Он видел, как приводили к старухе разрушенного болезнью костей, похожего на изломанную железную кровать человека, ползающего по земле с двумя костылями в руках, видел тусклую ме^твизну безнадежных глаз больного, а потом, после исцеления, видел эти же глаза, лучащие нестерпимый, нечеловеческий блеск счастья. Сунгу видел матерей, бледневших, как бумага, когда ребенок хрипел у них на коленях и бился в припадке, — и тех же матерей видел после, со здоровыми детьми на руках… И, видя все это, Сунгу начинал понимать, во что же оценивается людьми их жизнь, — цены такой не было на земле. И, может быть, зная это, старуха ни с кого не брала денег за лечение.

Через месяц Сунгу мог уже подыматься в постели и сидеть. Старуха, если не была занята делом, охотно болтала с ним.

— Не поднять бы мне тебя, Цай Сунгу, — говорила она, — потому что болезнь твоя пошла далеко вглубь и травы нужной не было, но помогло мне твое непокорство смерти. Больной, если он покорствует смерти, клонит перед нею голову, и потому под его шею не просунешь руки, когда захочешь приподнять его с подушки. А под твою шею рука всегда просовывалась легко…

Весною Сунгу окончательно поправился. К концу мая он стал выходить на улицу, вскопал и взрыхлил кусок земли под окном старухиной комнаты, унавозил крохотный огород и посадил на нем редиску. А когда взошли еле видимые зеленые всходы, сделал первую прополку и вдруг почувствовал себя спокойным и счастливым. На той же неделе он пошел в управление шахты, там ему предложили работу на новой шахте, в соседнем поселке, и Сунгу согласился.

Так началась новая его жизнь после тридцатилетнего сна. Это была настолько подлинная жизнь, что Сунгу решился взять на шахте большую ссуду и начал строить себе дом. Он уговорился со старой гадалкой, что, когда дом будет готов, они поселятся в нем вместе и с того времени все заботы о ней он по-сыновнему возьмет на себя. Так решил он потому, что эта старуха, как и все другие женщины, бывшие близкими ему в жизни, за что-то бескорыстно любила его и возвратила к настоящей земной жизни.

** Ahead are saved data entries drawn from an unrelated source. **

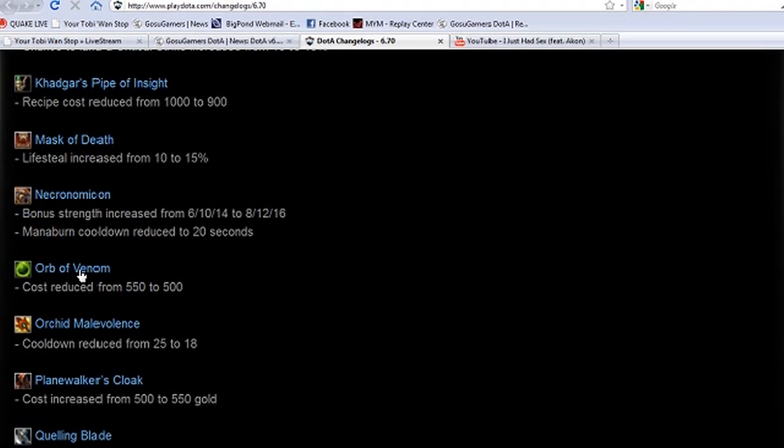We've got Necromicon. Bonus strength has gone up 6, 10, 14 to 8, 12, 16, a little bit more on that guy. And mana burn cooldown reduced to 20 seconds. Welcome a little bit more to Beastmaster's great friend.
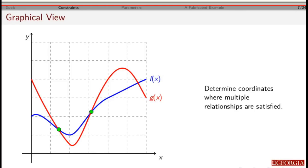At each of those locations, x and y satisfy both equations. In terms of figuring out which solution is appropriate, you've got to fall back on your physical principles and context and decide which one is the best solution given the physical situation.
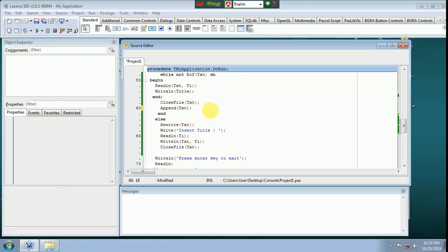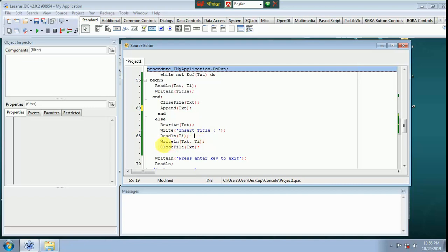Append txt int. Else: rewrite txt. Write — insert title. Read line title. Write txt, write line txt title, file close, close file txt.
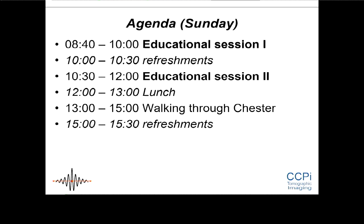Our agenda for today: we start with two educational sessions, because we're bringing people together from different fields and thought it would be good to let people learn a little from other fields first. Those are roughly 40-minute presentations including questions and answers. Then in the afternoon, we'll have a walk through Chester — let's hope it doesn't rain. You'll have a bit more information on that in a second.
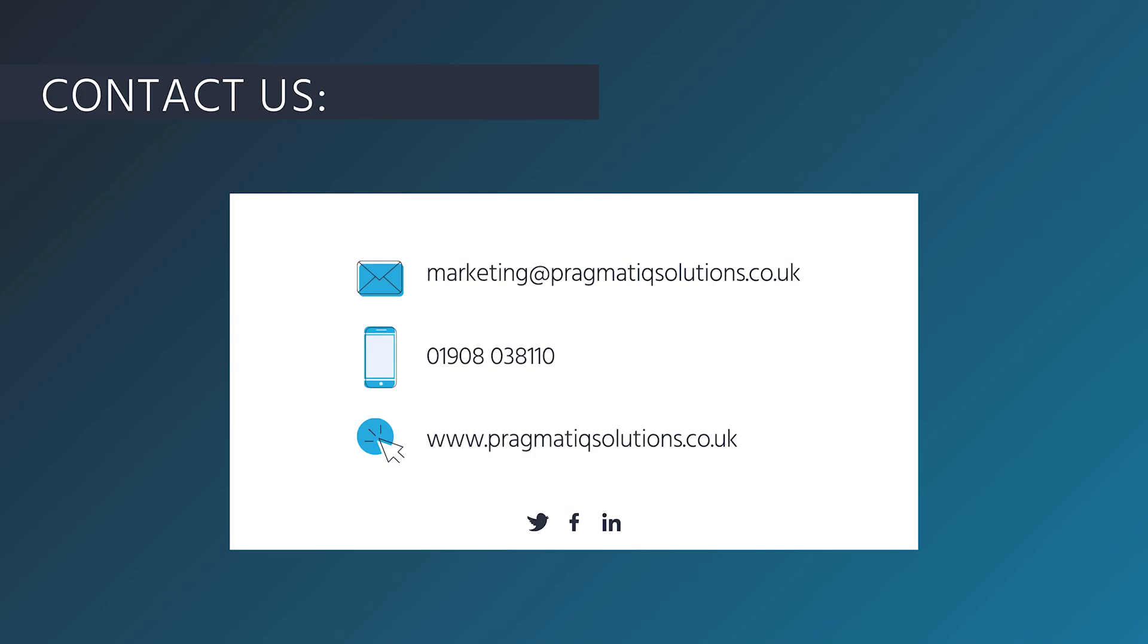please reach out to us either by email at marketing@pragmaticsolutions.co.uk or by phone on 01908 038110 or go to our website pragmaticsolutions.co.uk. Thank you.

А голубым прозрачным днем сахалинской осени, в середине сентября, случилось, что грузовик волочил по улице тяжелую бадью для бетона, перетаскивая ее с одной стройки на другую, и подслеповатая, согнутая пополам старуха выбежала из-за угла дома на дорогу и наткнулась головою на растрепанный стальной канат. Шофер грузовика, огромный рябой парень, вел машину тихо, то и дело высовываясь из кабины и глядя назад, но беда все-таки случилась: вся левая сторона головы старой лекарки была разворочена стальными усами каната. Шофер выпрыгнул из кабины, подхватил с земли старуху и бросился бежать к больнице, которая была недалеко, на соседней улице. Но он, плача, донес лишь бездыханное легкое тело.

Так свершилось еще одно предсказание старухи — железо убило ее. Сунгу узнал об этом и в тот же день приехал в город. В маленьком беленом больничном домике, стоявшем во дворе отдельно, Сунгу увидел ее, нагую, сухонькую, как осенний травяной стебель, покойно вытянувшуюся на деревянном топчане, — смерть выпрямила ее искривленное тело. Сложенные на мертвой груди, руки ее казались еще трепетными и деятельными, как при жизни; левая сторона лица была скрыта под толстой белой повязкой.

И, глядя на эти неузнаваемые останки дорогого существа, Сунгу шепотом проклял себя. Ибо свершилась-таки его месть, теперь свершилась, когда он меньше всего думал о ней. Преступление Яна ничем не могло быть искуплено, никаким другим злом — оно искупилось лишь чистой добротой этой женщины. А о торжестве всей доброты человека можно судить только тогда, когда он закончит жить. Сунгу стоял над распростертой гадалкой и не плакал, потому что в минуту постижения истины не плачут, — ибо нет в ней печали и плача, а есть лишь бескрайняя торжественная тишина.